In this document, we are going to discuss the approaches that can be taken into consideration while securing the AzureML environment. All the steps are being referenced from docs.microsoft.com. This is one of the ways of securing the AzureML environment. There can be several other approaches of securing the AzureML environment that depend on the organization's requirement. The key objective of our implementation is to manage the incoming and outgoing network communication.
Details for the enterprise security and governance for Azure Machine Learning can be found in this link.
We are going to use the combination of Azure PowerShell and Azure portal to provision and configure the required resources. The steps from the Azure portal that are being performed can be automated, however our focus area is here to set up the secure the environment and understand the configuration steps.
$tenantID=""
$subscriptionID=""
$resourceGroupName="SecuringAMLSDemo"
$location="westus"
# Connect the Azure Subscription
Connect-AzAccount -Tenant $tenantID -Subscription $subscriptionID
# Create the Resource Group
New-AzResourceGroup -Name $resourceGroupName -Location $location
# Create the virtual Network and Subnet
$vnet = @{
Name = 'myHub'
ResourceGroupName = $resourceGroupName
Location = $location
AddressPrefix = '10.222.0.0/16'
}
$virtualNetwork = New-AzVirtualNetwork @vnet
# Training subnet
$trainingsubnet = @{
Name = 'training'
VirtualNetwork = $virtualNetwork
AddressPrefix = '10.222.0.0/24'
}
$subnetConfig = Add-AzVirtualNetworkSubnetConfig @trainingsubnet
# Scoring subnet
$scoringsubnet = @{
Name = 'scoring'
VirtualNetwork = $virtualNetwork
AddressPrefix = '10.222.1.0/24'
}
$subnetConfig = Add-AzVirtualNetworkSubnetConfig @scoringsubnet
# AzureBastionSubnet
$AzureBastionSubnet = @{
Name = 'AzureBastionSubnet'
VirtualNetwork = $virtualNetwork
AddressPrefix = '10.222.254.0/26'
}
$subnetConfig = Add-AzVirtualNetworkSubnetConfig @AzureBastionSubnet
# GatewaySubnet
$GatewaySubnet = @{
Name = 'GatewaySubnet'
VirtualNetwork = $virtualNetwork
AddressPrefix = '10.222.250.0/24'
}
$subnetConfig = Add-AzVirtualNetworkSubnetConfig @GatewaySubnet
# AzureFirewallSubnet
$AzureFirewallSubnet = @{
Name = 'AzureFirewallSubnet'
VirtualNetwork = $virtualNetwork
AddressPrefix = '10.222.252.0/26'
}
$subnetConfig = Add-AzVirtualNetworkSubnetConfig @AzureFirewallSubnet
# PrivateEndpointSubnet
$PrivateEndpointSubnet = @{
Name = 'PrivateEndpointSubnet'
VirtualNetwork = $virtualNetwork
AddressPrefix = '10.222.2.0/24'
}
$subnetConfig = Add-AzVirtualNetworkSubnetConfig @PrivateEndpointSubnet
$virtualNetwork | Set-AzVirtualNetwork
Below AzResourceGroupDeployment command will provision the below services part of AzureML provisioning.

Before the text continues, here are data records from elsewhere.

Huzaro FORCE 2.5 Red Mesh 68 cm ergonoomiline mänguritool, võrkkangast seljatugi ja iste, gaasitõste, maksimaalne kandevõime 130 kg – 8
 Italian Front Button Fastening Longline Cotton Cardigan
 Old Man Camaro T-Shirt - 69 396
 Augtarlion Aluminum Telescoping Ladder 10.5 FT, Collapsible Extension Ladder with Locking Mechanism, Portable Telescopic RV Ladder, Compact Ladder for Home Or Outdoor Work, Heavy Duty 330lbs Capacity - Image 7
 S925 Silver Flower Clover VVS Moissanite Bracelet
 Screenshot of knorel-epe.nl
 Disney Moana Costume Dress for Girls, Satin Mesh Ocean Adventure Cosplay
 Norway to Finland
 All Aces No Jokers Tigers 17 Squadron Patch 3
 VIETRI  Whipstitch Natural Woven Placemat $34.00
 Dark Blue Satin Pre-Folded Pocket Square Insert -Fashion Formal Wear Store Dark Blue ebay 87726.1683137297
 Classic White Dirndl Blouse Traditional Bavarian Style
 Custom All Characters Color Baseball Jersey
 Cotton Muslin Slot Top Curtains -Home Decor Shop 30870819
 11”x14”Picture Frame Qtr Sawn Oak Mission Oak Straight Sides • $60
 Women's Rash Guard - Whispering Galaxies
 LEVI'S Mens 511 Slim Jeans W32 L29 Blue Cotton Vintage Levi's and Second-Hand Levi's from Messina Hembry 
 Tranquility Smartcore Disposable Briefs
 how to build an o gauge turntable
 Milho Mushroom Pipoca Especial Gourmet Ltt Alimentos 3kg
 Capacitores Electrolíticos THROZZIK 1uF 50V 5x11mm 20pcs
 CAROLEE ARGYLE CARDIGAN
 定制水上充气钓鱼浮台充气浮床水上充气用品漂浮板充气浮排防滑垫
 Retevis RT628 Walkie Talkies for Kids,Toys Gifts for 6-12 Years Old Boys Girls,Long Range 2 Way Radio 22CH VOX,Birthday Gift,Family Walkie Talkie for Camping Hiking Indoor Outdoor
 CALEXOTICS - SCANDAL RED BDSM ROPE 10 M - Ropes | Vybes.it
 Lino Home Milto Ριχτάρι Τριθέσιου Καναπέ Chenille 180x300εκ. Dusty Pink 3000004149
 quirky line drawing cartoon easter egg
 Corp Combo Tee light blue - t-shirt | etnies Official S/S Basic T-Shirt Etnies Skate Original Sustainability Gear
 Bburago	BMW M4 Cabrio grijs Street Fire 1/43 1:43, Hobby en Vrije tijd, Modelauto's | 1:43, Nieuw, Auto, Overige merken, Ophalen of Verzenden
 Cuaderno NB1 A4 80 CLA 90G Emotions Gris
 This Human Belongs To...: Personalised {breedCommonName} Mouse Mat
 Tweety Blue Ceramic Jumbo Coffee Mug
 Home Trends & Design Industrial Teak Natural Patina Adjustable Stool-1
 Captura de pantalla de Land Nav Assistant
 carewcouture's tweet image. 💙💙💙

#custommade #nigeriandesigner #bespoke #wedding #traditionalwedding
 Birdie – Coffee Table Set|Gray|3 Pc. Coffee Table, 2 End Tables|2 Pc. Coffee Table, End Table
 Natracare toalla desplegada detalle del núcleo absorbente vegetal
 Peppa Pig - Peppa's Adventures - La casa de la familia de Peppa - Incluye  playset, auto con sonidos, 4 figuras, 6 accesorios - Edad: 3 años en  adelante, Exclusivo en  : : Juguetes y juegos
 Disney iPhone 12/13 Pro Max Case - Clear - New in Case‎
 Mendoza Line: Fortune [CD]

New-AzResourceGroupDeployment `
-Name "exampledeployment" `
-ResourceGroupName $resourceGroupName `
-TemplateUri "https://raw.githubusercontent.com/Azure/azure-quickstart-templates/master/quickstarts/microsoft.machinelearningservices/machine-learning-workspace-vnet/azuredeploy.json" `
-workspaceName "secureamlsdemo" `
-location $location `
-containerRegistryOption "new" `
-containerRegistrySku "Premium" `
-vnetOption "existing" `
-vnetName "myhub" `
-addressPrefixes "10.222.0.0/16" `
-subnetOption "existing" `
-subnetName "PrivateEndpointSubnet" `
-subnetPrefix "10.222.2.0/24" `
-privateEndpointType "AutoApproval"
We are going to use the private link endpoints to bring the PaaS (platform as a service) services inside the private VNET that we have created in the earlier step.
IMPORTANT
When the ACR is behind a VNET, AzureML uses the compute cluster to build the docker image. So we need to create a compute cluster as it is mentioned for the compute instance in 5.6 section later in this document. Please create the cluster in the training subnet with NO public IP. More details here
Use the below script to set the image_build_compute parameter.
python
from azureml.core import Workspace
# Load workspace from an existing config file
ws = Workspace.from_config()
# Update the workspace to use an existing compute cluster
ws.update(image_build_compute = 'aml-cluster')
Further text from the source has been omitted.